(Short web captions)
# # # # #
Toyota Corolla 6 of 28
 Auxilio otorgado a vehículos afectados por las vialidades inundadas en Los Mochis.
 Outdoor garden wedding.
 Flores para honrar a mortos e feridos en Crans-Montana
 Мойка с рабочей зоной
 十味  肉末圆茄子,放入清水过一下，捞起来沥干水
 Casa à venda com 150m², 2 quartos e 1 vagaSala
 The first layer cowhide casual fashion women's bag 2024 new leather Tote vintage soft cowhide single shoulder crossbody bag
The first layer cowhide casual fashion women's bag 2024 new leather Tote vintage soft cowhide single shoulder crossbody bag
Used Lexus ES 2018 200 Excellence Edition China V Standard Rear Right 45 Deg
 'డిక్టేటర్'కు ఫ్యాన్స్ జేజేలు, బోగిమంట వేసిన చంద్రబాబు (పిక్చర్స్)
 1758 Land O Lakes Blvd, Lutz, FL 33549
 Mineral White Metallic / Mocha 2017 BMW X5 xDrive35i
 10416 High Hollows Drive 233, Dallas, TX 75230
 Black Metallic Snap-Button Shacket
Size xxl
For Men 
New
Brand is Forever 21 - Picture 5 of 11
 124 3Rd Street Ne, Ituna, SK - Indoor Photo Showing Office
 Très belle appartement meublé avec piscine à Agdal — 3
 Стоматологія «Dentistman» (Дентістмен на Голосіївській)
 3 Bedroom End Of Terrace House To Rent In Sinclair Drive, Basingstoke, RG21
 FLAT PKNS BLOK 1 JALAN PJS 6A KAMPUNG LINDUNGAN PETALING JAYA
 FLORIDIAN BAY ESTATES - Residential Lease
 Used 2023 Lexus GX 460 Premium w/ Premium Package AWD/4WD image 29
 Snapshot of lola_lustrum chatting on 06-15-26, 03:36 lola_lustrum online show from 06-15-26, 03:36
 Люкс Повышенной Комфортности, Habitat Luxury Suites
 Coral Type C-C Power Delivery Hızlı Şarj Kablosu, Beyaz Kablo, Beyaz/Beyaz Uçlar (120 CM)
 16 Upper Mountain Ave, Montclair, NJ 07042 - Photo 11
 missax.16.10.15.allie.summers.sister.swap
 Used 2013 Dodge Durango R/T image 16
# # # # #
Exercise
Print each entry above exactly as given.

Reply to the exercise
Toyota Corolla 6 of 28
 Auxilio otorgado a vehículos afectados por las vialidades inundadas en Los Mochis.
 Outdoor garden wedding.
 Flores para honrar a mortos e feridos en Crans-Montana
 Мойка с рабочей зоной
 十味  肉末圆茄子,放入清水过一下，捞起来沥干水
 Casa à venda com 150m², 2 quartos e 1 vagaSala
 The first layer cowhide casual fashion women's bag 2024 new leather Tote vintage soft cowhide single shoulder crossbody bag
The first layer cowhide casual fashion women's bag 2024 new leather Tote vintage soft cowhide single shoulder crossbody bag
Used Lexus ES 2018 200 Excellence Edition China V Standard Rear Right 45 Deg
 'డిక్టేటర్'కు ఫ్యాన్స్ జేజేలు, బోగిమంట వేసిన చంద్రబాబు (పిక్చర్స్)
 1758 Land O Lakes Blvd, Lutz, FL 33549
 Mineral White Metallic / Mocha 2017 BMW X5 xDrive35i
 10416 High Hollows Drive 233, Dallas, TX 75230
 Black Metallic Snap-Button Shacket
Size xxl
For Men 
New
Brand is Forever 21 - Picture 5 of 11
 124 3Rd Street Ne, Ituna, SK - Indoor Photo Showing Office
 Très belle appartement meublé avec piscine à Agdal — 3
 Стоматологія «Dentistman» (Дентістмен на Голосіївській)
 3 Bedroom End Of Terrace House To Rent In Sinclair Drive, Basingstoke, RG21
 FLAT PKNS BLOK 1 JALAN PJS 6A KAMPUNG LINDUNGAN PETALING JAYA
 FLORIDIAN BAY ESTATES - Residential Lease
 Used 2023 Lexus GX 460 Premium w/ Premium Package AWD/4WD image 29
 Snapshot of lola_lustrum chatting on 06-15-26, 03:36 lola_lustrum online show from 06-15-26, 03:36
 Люкс Повышенной Комфортности, Habitat Luxury Suites
 Coral Type C-C Power Delivery Hızlı Şarj Kablosu, Beyaz Kablo, Beyaz/Beyaz Uçlar (120 CM)
 16 Upper Mountain Ave, Montclair, NJ 07042 - Photo 11
 missax.16.10.15.allie.summers.sister.swap
 Used 2013 Dodge Durango R/T image 16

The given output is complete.